『永遠の人(1961年)』を観ました。

「相手の気持ちを考えて」とかいう言葉を、相手の気持ちを考えられない人に向かって言ってみても、わからないのである。
そういう思いが元々なかったのかもしれないし、たまたま育たなかったのかはわからないが、結局んところないのだから、言ってることの意味がわからないのである。

このお話は大地主の息子(仲代達也)が足を怪我して、戦地から戻ってくるのであるが、名誉の戦死ができずに使い物にならないから返品されてきたようなもので、自分でも世間でも声には出さないだけで「情けない男だ」とか思われているのであろう。
使用人でもある小作人の娘(高峰秀子)は美しい女性になったが、この娘には
好きな男がいて、その男が戦地から帰ってくるのも待ち焦がれている。
「身分が上の俺がこんな思いでいるのに、使用人のあの娘が幸せになってたまるか」ということで、大地主の息子は娘の家で娘を”手ごめ”にするのであった。

なにしろ”手ごめ”と言葉があるのである。
言葉があるってことは、こういう行為が多く行われていて、あんまり多いもんだから、それを指す言葉ができたということであろう。

”手ごめ”=手荒い仕打ちをすること。力ずくで自由を奪い、危害を加えたり物を略奪したりすること。暴力で女性を犯すこと。

”いじめ”という言葉も、同じような流れでできた言葉のような感じがする。
内容は”暴行”や”傷害”という犯罪であるのに、それ用の言葉を作ることで、なんだかその行為が重いものには感じられなくなる。


大地主の息子には母親が不在である。横暴な振る舞いの父親の姿からは「女は子供を産んで、あとは男の言う通りにしていればいいんだ」というのが感じられる。この家での母親は、潰されて早くに亡くなったか、反抗して逃げ出したのではなかろうか。
そんな家で育った息子は、相手の気持ちを考えられないであろう。ましてや相手が女であれば、気持ちを考える必要がないと思うかもしれない。

今作は因縁の物語である。だから暗い作品かといったら、そういう印象もない。
言われるまま従う妻ではなくて、夫と夫の父親に反抗し続ける姿は「売られた喧嘩は買ってやろうじゃねえか」的な強い生命力を感じる。
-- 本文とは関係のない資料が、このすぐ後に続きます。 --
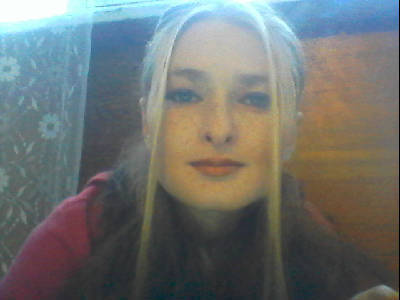 Анастасия Шахова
ずっと憎み続けるっていうのは、凄まじい気力や体力がないとできないことである。

『喜びも悲しみも幾年月』は明るい家族の物語であったが、『永遠の人』は憎しみの家族の物語である。これは表と裏のように見えるが、どちらも強烈な生きる生命力を感じる物語である。

木下惠介監督作品の走るシーン好きだ。
『喜びも悲しみも幾年月』では島に着いた夫が、家族に向かってあぜ道を走る。『永遠の人』ではいなくなった子供を探して、母親があぜ道を走る。
登場人物が走ると、カメラもいっしょに走りだす。走る姿からは人間の強烈な生命力が感じられる。

人間には人を愛おしいを思う気持ちもあるし、人を憎らしいと思う気持ちもある。どちらかが正しいわけではなく、どちらかが間違ってるわけではない。
人生は思い通りにならないこともある。それでも私たちは生きていくのだ。